His friends and fellow authors, Michael Griffith and Josh Russell, are responsible for continued efforts to bring his work to print. Clark's fiction has appeared in The Alaska Quarterly Review, Cream City Review, Paragraph, Gulf Coast, One Story, and Flyway. Clark's unpublished collection of short fiction is titled South/West.

==Style and themes==

Fascinated by tall tales and urban legends, Clark was in the process of inventing a new kind of Southwest magical realism, part Mark Twain, part Gabriel Garcia Marquez.
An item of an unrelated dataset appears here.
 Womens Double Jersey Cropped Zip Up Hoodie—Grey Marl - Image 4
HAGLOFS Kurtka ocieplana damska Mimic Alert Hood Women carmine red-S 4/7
His most successful story was "The West Texas Sprouting of Loman Happenstance," which was optioned for film. A script was written by Hollywood actor Brent Spiner.
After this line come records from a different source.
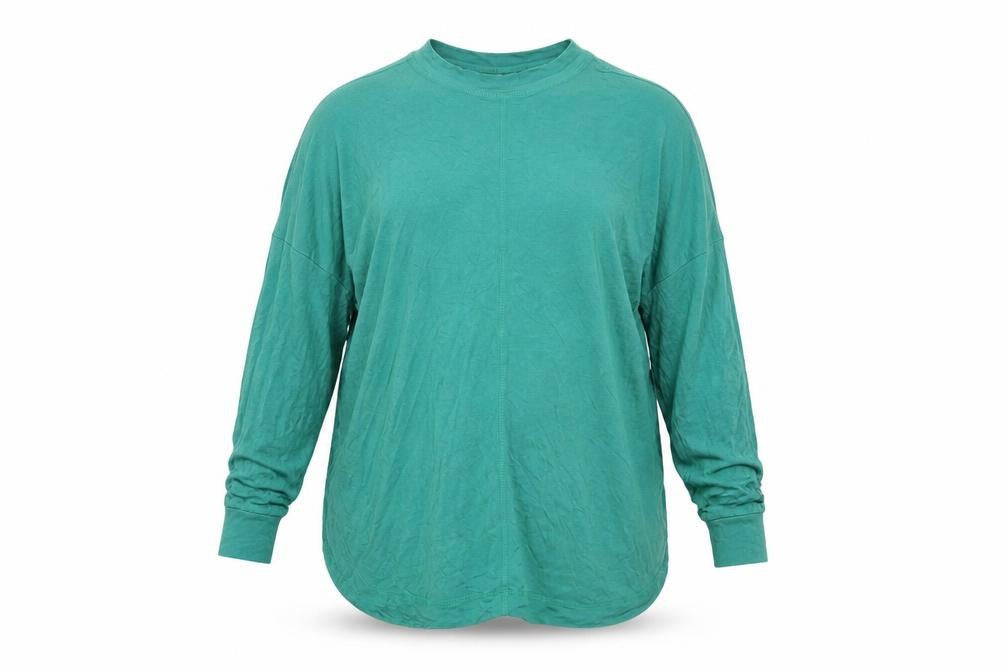 AND/OR Women’s Green Relaxed Fit Long Sleeve Viscose T-Shirt Size 16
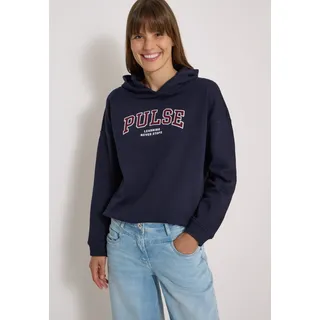 Sweatshirt CECIL, Damen, Gr. XXL (46), urban dunkelblau, Sweatware, 100% Baumwolle, unifarben, comfort fit, ohne Ausschnitt, Bündchen, Sweatshirts Sweatshirt, aus reiner Baumwolle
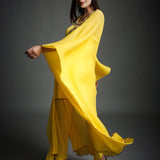 Sunshine Yellow Crinkled Cotton Kaftan Tunic and Pant Set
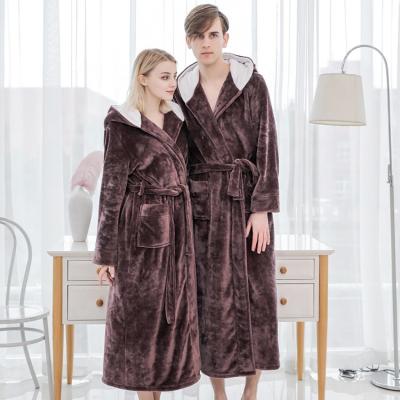 China Breathable Couple Hoodie Fleece Winter Family Brown Bathrobe Set For Women for sale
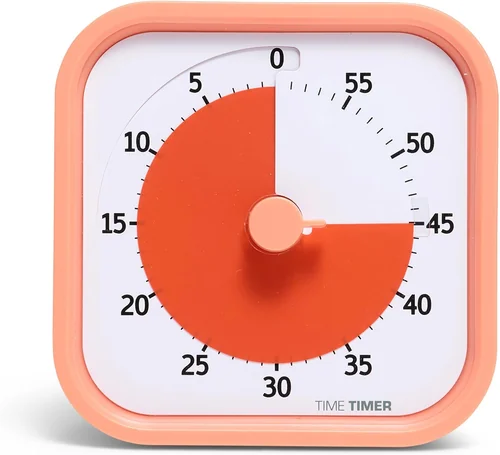 Time Timer MOD Home Edition, a 60-minute visual countdown timer with a shrinking red disc.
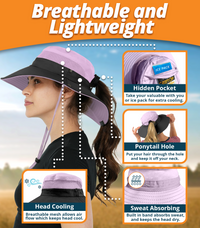 Navigator Ponytail Series Sun Protection Hat with UPF 50+ - Women Bucket Hats with UV Protection for Hiking Beach Hats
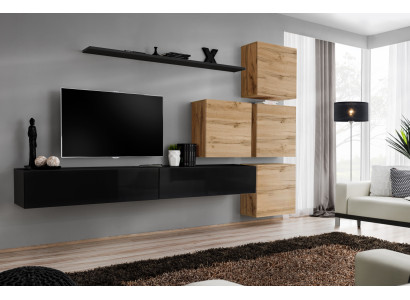 Set 7 pieces Wall unit Living room TV lowboard Wood Luxury Suite Group wall cabinet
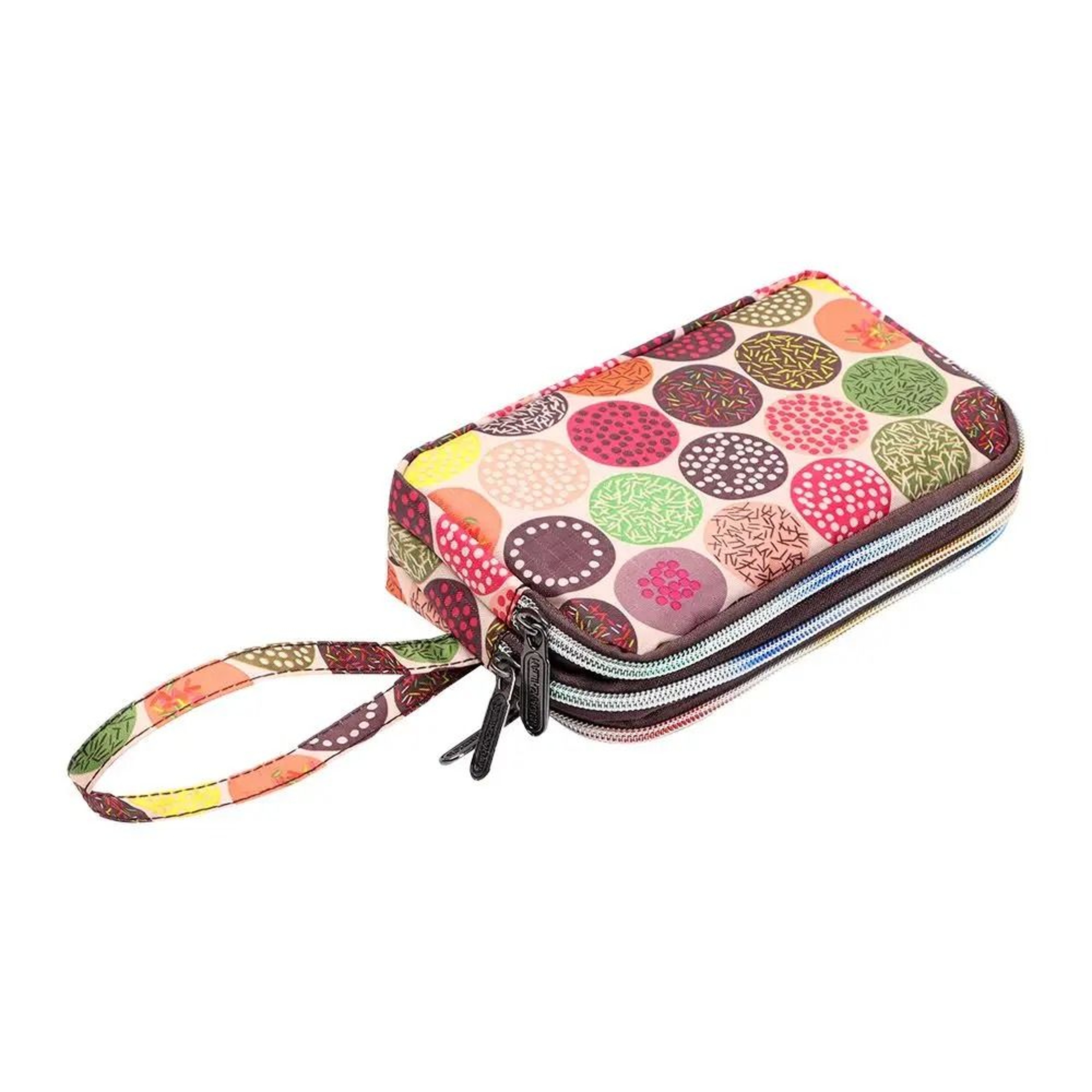 ThreeLayer Floral Canvas Wristlet Bag 17
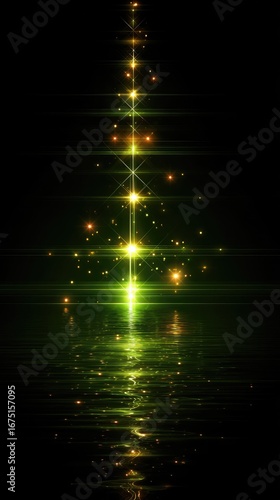 Abstract Christmas tree, glowing lights, reflected in water
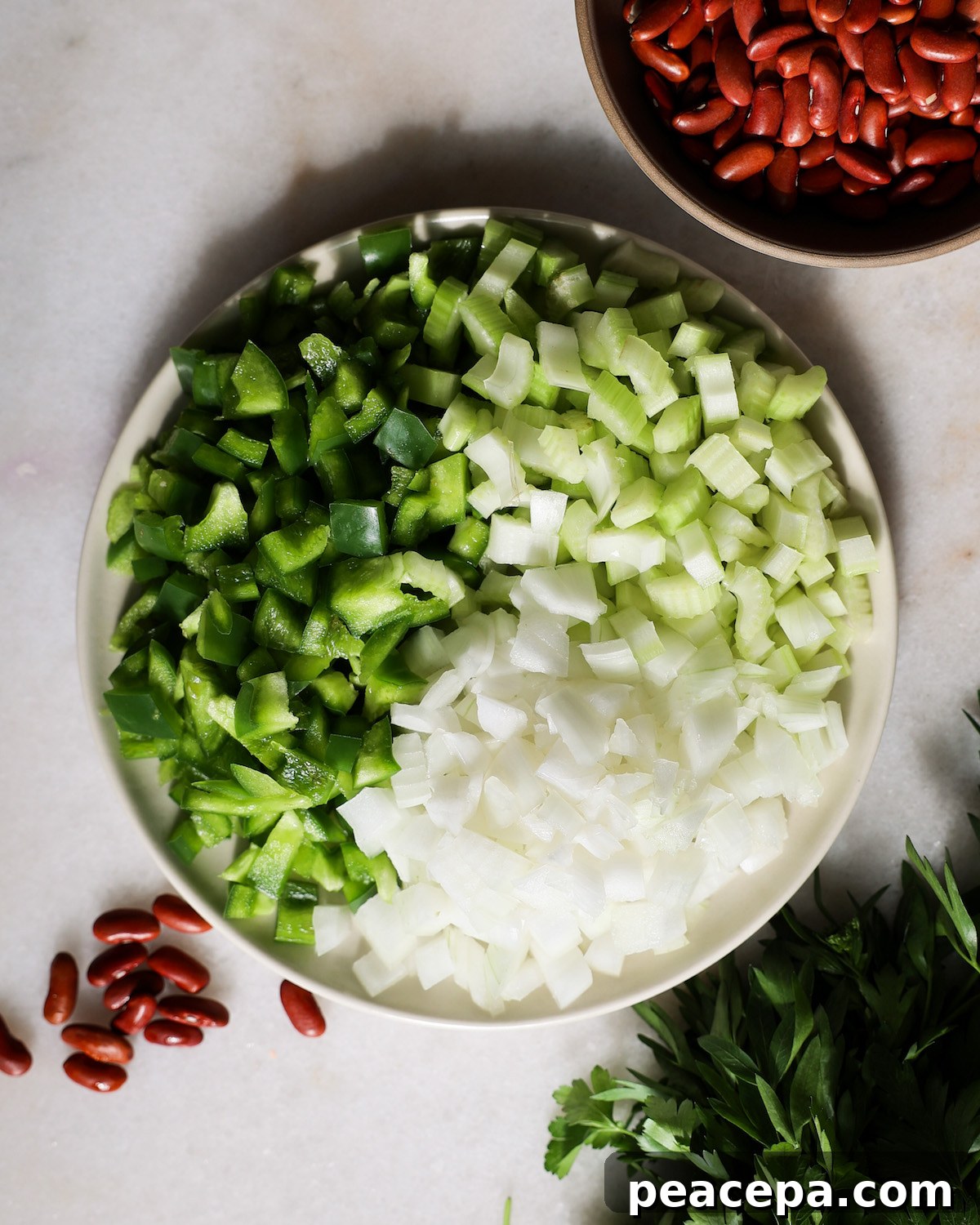 onions, celery, and green pepper on a plate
Clark's writing exemplifies a playful and absurd brand of wit.

His writings include several experiments with perspective. In "What I Know About Ham Ratchetslaw" the narrator and hero is actually a goat. In "Baton Rouge: A Doctor Story" the lens focuses in and out between the lives of several doctors and those of mere garden snails. "The Secret Heart of Christ" is simultaneously a story and not a story.
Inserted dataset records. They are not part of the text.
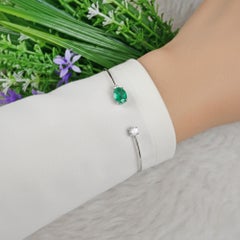 2.02 TCW Emerald Diamond Cuff Bracelet 14K White Gold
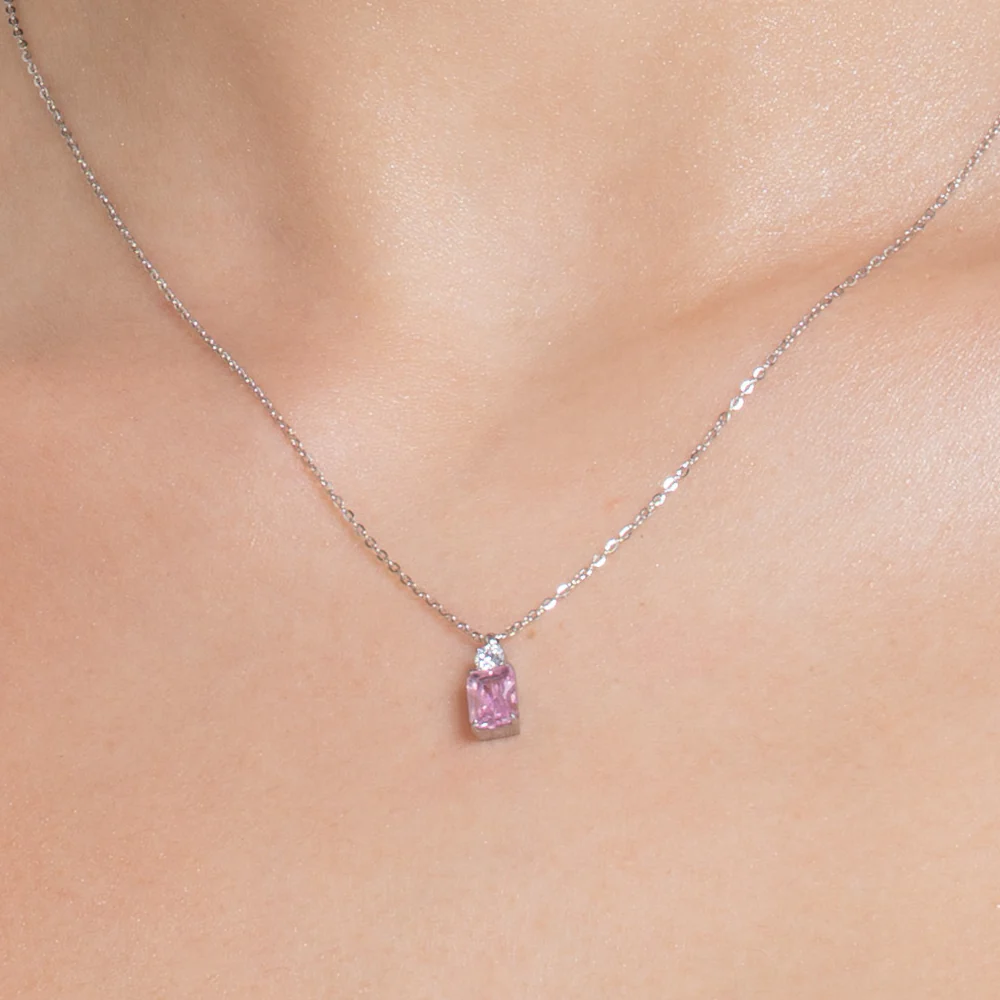 COLLANA DONNA IN ACCIAIO CON ZIRCONI ROSA E BIANCO - Image 2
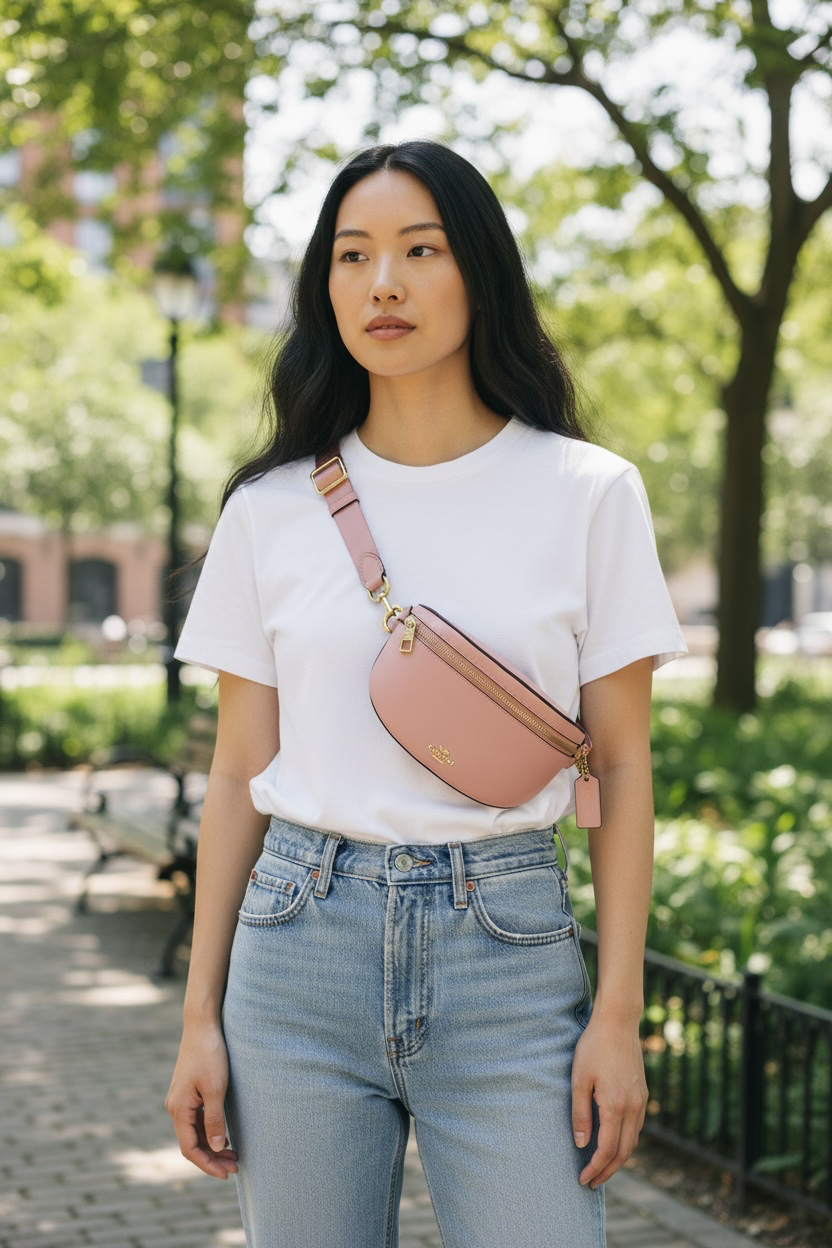 Coach Selena Soft Leather Waist Bag Ghw (Pink)
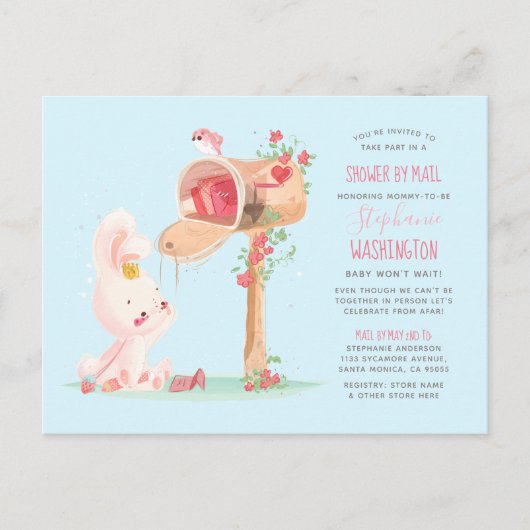水色長距離ベビーガールシャワーバイメール インビテーションポストカード (正面)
His use of magical realism is seen most clearly in "The West Texas Sprouting of Loman Happenstance", which features a tribe of chameleons piling on top of one another and changing colors in order to recreate famous works of art. In "What I Know About Ham Ratchetslaw, Trombonist", a small town is besieged and encircled by thousands of hypnotized armadillos.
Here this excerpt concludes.